The service will curate titles from current and previous editions of the festival, while also showcasing other hand-picked auteur-driven productions, presented in partnership with local distributors. It will launch June 6 and be available across Romania.
“With all my colleagues from the festival, we thought we have to do something that will somehow extend the whole festival experience for all the year,” said director festival chief Tudor Giurgiu (pictured), whose latest feature, “Parking,” opens this year’s fest. “Yearly we are receiving emails from the public who say, ‘Oh, I missed that Russian film that won the audience award in your festival. Where am I going to see it?’ And I say, ‘Sorry, I don’t know where you can see the film, because it’s gone.’”
The problem isn’t limited to movies that are screened during the festival, which unspools this year from May 31 to June 9. Giurgiu noted that arthouse and indie films in Romania also quickly vanish after brief theatrical runs. “There’s this fairly big amount of titles, great titles, with important pedigrees, with festival awards and so on, and if the timing is not right, you will lose them,” he said.
Transilvania follows in the footsteps of festivals like Rotterdam and Goteborg, which have also launched VOD platforms to complement their brick-and-mortar offerings.

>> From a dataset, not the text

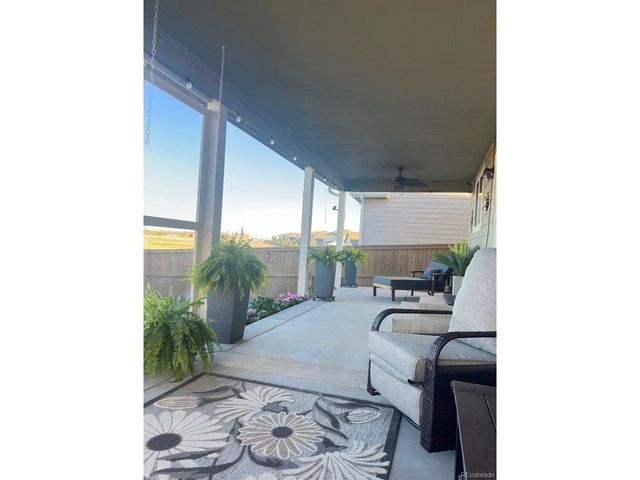 48 Chipeta Way, Lochbuie, CO 80603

But the need to utilize new technologies is particularly pressing in Romania, which suffers from the lowest rate of screen penetration in the E.U. Romania has nearly 50,000 inhabitants per screen: twice the number of neighboring Hungary, and roughly five times the number of cinephile France.
During the Communist era, Romania’s theatrical industry flourished, with some 450 cinemas operating around the time that dictator Nicolae Ceausescu was executed in 1989, jumpstarting the country’s transition to democracy. Those numbers have dropped precipitously in the years since, with around 100 cinemas operating today.
There has been a cautious revival of late, powered largely by the construction of more multiplexes. Total box office has been steady in recent years, and the 13.3 million total admissions across Romania last year was just a small decline from the previous year’s modern record highs.
Yet those numbers largely reflect the influence of Hollywood blockbusters, which accounted for the nine highest-grossing films in Romania last year. (The tenth spot was claimed by Corin Hardy’s “Conjuring” spinoff “The Nun,” which was lensed in Romania.)
Auteur-driven films struggle to reach an audience. “There are more cinemas, but there are more multiplexes,” said Antoine Bagnaninchi, of leading indie distributor Independenta Film. “A lot more screens than before, but there are no more arthouse cinemas.”
For now, festival organizers hope TIFF Unlimited can help fill that gap. While the SVOD platform will launch locally this year, Giurgiu said it “would not make sense on a 10-year basis” to limit the service to Romania.
“At the beginning, we would like to see how it would grow, what will be the response from the market, and how we can expand,” he said.